Os problemas começam quando se
tenta trazer o absoluto para nosso mundo: para a filosofia,
para a ciência, para as relações com os
outros, e... para a política.
Ao se adentrar as muralhas da política,
é melhor deixar à porta (como também dizia
Dante) qualquer esperança de certeza ou definitividade;
é melhor aprender a suportar a dor da incerteza e do
imperfeito; pois nesse terreno a sede do absoluto pode arrastar
sociedades para abismos mais escuros que a pior das tormentas.
Hitler, Stalin, Mao… foram todos arautos de soluções
finais, anjos da perfeição, cada qual com seu
nobre ideal...
Perfeição que hoje continua
causando danos. Vejamos dois exemplos:
Alguns entre nós usam os óbvios
defeitos da sociedade brasileira para argumentar que “não
se pode punir duramente os crimes”. “Afinal,”
ponderam, “com tantas injustiças, como se pode
punir alguém?” É o argumento da perfeição.
Se a sociedade não é perfeita como eu gostaria
que fosse, então eu não aceito sociedade nenhuma.
É uma atitude muito similar à da criança
mimada que quer feijão-preto, mas que - como só
tem feijão-mulato - atira o prato no chão e diz
que não vai comer nada. Pois a impunidade apenas acrescenta
mais uma injustiça sobre os mesmos ombros de quem já
padece todas as outras.
Diante dos graves defeitos de nossa sociedade,
a única atitude razoável é atacar suas
causas. De que adianta fazer mixórdia com outros assuntos?
Diante de crimes, três perguntas
se impõem: O ato em questão é considerado
delito pelos costumes e moral da coletividade? Existe culpa
do agente? A autoridade que julga é isenta, e representa
a consciência e a percepção moral dessa
coletividade?
Sim? Então basta. A punição
é legítima.
Para os casos mais graves, como latrocínio,
a maioria dos brasileiros, inclusive este que escreve, considera
que a pena adequada é a pena de morte. Nenhuma outra
seria proporcional ao crime cometido. (Nunca ouvi falar de ninguém,
de qualquer classe social, que não tivesse repulsa ao
latrocínio.) Nossa hesitação em punir adequadamente
vem do fato de que nós, cidadãos comuns, não
somos anjos, e os criminosos não são demônios.

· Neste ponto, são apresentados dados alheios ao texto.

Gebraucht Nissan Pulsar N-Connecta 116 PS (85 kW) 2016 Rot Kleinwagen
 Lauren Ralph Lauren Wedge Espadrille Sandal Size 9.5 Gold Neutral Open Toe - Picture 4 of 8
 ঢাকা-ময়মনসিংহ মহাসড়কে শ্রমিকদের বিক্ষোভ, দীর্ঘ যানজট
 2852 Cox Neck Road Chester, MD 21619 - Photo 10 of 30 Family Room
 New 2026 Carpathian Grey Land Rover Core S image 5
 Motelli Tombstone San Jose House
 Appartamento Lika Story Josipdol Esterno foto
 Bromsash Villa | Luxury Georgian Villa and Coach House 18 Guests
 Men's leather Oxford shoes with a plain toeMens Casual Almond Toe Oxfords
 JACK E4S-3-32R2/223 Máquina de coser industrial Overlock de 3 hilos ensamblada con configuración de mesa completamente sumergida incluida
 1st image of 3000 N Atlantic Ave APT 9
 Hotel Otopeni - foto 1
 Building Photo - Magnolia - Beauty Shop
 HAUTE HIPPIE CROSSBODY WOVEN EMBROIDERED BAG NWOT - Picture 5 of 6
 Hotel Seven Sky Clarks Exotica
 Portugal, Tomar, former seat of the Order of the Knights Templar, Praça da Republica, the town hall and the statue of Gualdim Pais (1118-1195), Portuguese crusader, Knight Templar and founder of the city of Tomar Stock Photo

A única linha que separa uns de outros é o respeito,
ou não, aos limites impostos pela coletividade. Aqui
não existe o consolo do absoluto.
O segundo exemplo são as críticas
da tendenciosa imprensa americana contra a nosso presidente
Lula, por não ter apoiado uma inspeção
de Direitos Humanos em Cuba.
Hipocrisias à parte, Cuba, como
o Brasil, tem seus defeitos. Mas que entidade internacional
existe hoje com crédito moral - e sem segundas intenções
- para julgá-la?
Sanções da ONU enfraqueceram
as defesas do Iraque, que foi invadido, e hoje é governado
por um general americano que atira em manifestantes nas ruas.
Inspeções ou sanções da ONU, hoje,
contra Cuba, Coréia, Irã ou Síria, apenas
ajudariam a expor esses países à ganância
e brutalidade de George Bush. Esse é o mundo real.
Portanto, presidente Lula, parabéns!
Aqui na Terra não há anjos
nem demônios, mas há preceitos e punições,
e há tiranos gananciosos... e abismos... Fiquemos alertas.